Mereka tidak menyadari bahwa bila mereka mendirikan negara terpisah dari Irak, mereka akan menjadi negara yang sepenuhnya bergantung pada AS dan Eropa.

Bagaimana dengan Suriah?

Ada hal yang penting diketahui oleh orang Indonesia, bahwa apa yang terjadi di Suriah, keterlibatan Rusia, China, juga Iran di Suriah, memberikan dampak sangat besar bagi psikologi bangsa-bangsa Arab. Karena Dunia Arab selama beberapa dekade hidup sebagai bagian dunia yang ‘kalah’, mereka sebelumnya merasa tidak ada lagi yang bisa dilakukan; para pemimpin mereka sangat korup, Barat, Israel, Saudi, mengontrol penuh mereka, tidak ada lagi yang bisa dilakukan.  Yang tersisa hanyalah bagaimana menyelamatkan diri dan keluarga masing-masing. Suriah, meski harus mengalami berbagai kekalahan yang mengerikan, mampu menghentikan imperialisme Barat. Itulah sebabnya saya sering menjuluki Aleppo sebagai Stalingrad of Middle East; Suriah bagaikan kota Stalingrad yang dulu berhasil menahan NAZI dan mengubah arah Perang Dunia II.

Saat ini di Dunia Arab muncul optimisme, orang-orang menyaksikan. Sebagian dari mereka mungkin tidak menyukai pemerintah Suriah, tapi semua menantikan kemenangan [melawan Barat].  Mereka  juga sangat optimis dan berharap bahwa Rusia, juga China, akan terus berdiri bersama mereka. Sebagian dari mereka, yang tidak anti Iran tentu saja, melihat peran Iran sangat penting.
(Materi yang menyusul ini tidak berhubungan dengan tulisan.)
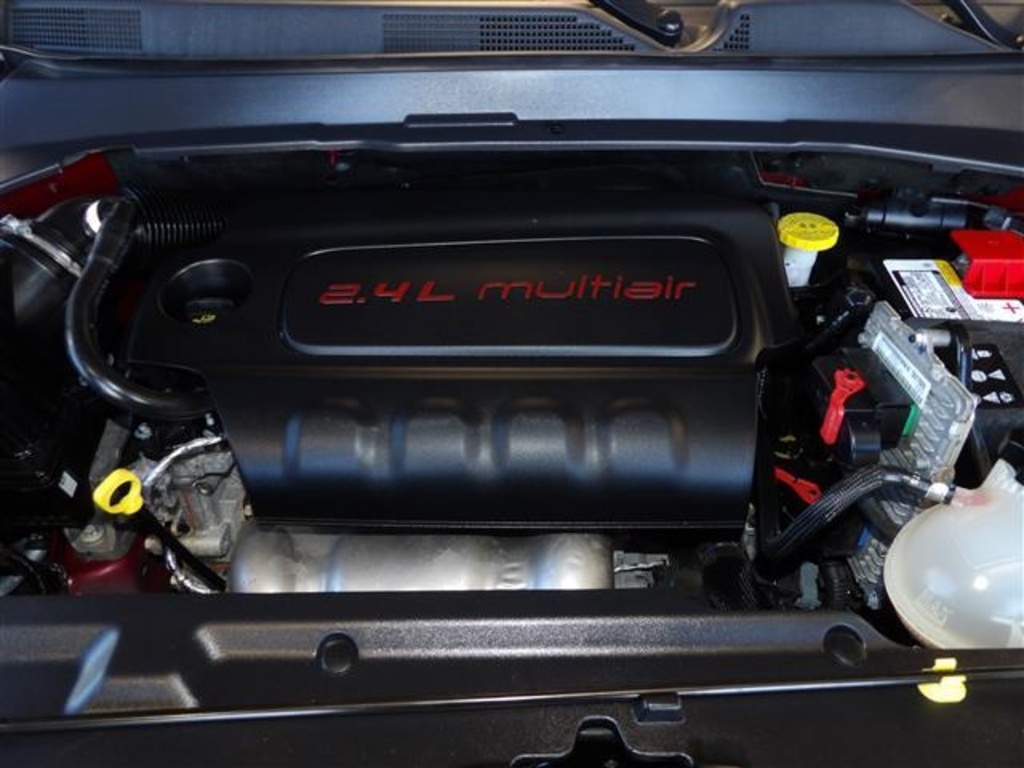 2022 Jeep Compass Latitude Lux photo 11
Tapi intinya, bangsa-bangsa Arab melihat kemungkinan terjadinya perubahan dan penyusunan kembali ini [tatanan baru Timteng –red]. Ada dua negara yang sangat kuat di kawasan, Turki dan Iran. Iran sudah jelas kini bersama Rusia dan China. Turki, yang dikhianati oleh Uni Eropa, dan menghadapi ancaman kudeta yang disponsori AS,  kini  semakin mendekat ke Rusia dan China. Dalam perseteruan Qatar vs Saudi, Turki dan Iran sama-sama membantu Qatar. Keduanya juga berkolaborasi dengan Rusia untuk mencari solusi bagi Suriah.

Intinya, ada proses perubahan besar di kawasan dan ada harapan besar; dan kini bangsa Arab melihat bahwa ada solusi yang mungkin diraih, bahwa Arab bukan lagi menjadi pihak yang dikalahkan, bahwa mereka bisa memperjuangkan kepentingan mereka. Ini adalah momentum yang penting saat ini. Dan para pemimpin negara-negara Arab yang umumnya dididik oleh Barat kini gemetar ketakutan karena selama berdekade-dekade mereka sudah menjual kepentingan bangsa kepada Barat; dan masa ini sedang mendekati akhir.

Anda pernah bergabung dengan Long March di Irak (Arbaeen Walk)?

Belum. Sebenarnya tahun ini saya dapat undangan ke sana, bersama sekitar seratus jurnalis lainnya, untuk meliput acara itu, tapi saya tidak bisa karena harus ke Laos. Mungkin tahun depan saya akan ikut.

Adakah Anda melihat dampak politik dari longmarch ini karena media Barat tidak meliput peristiwa besar ini dengan selayaknya?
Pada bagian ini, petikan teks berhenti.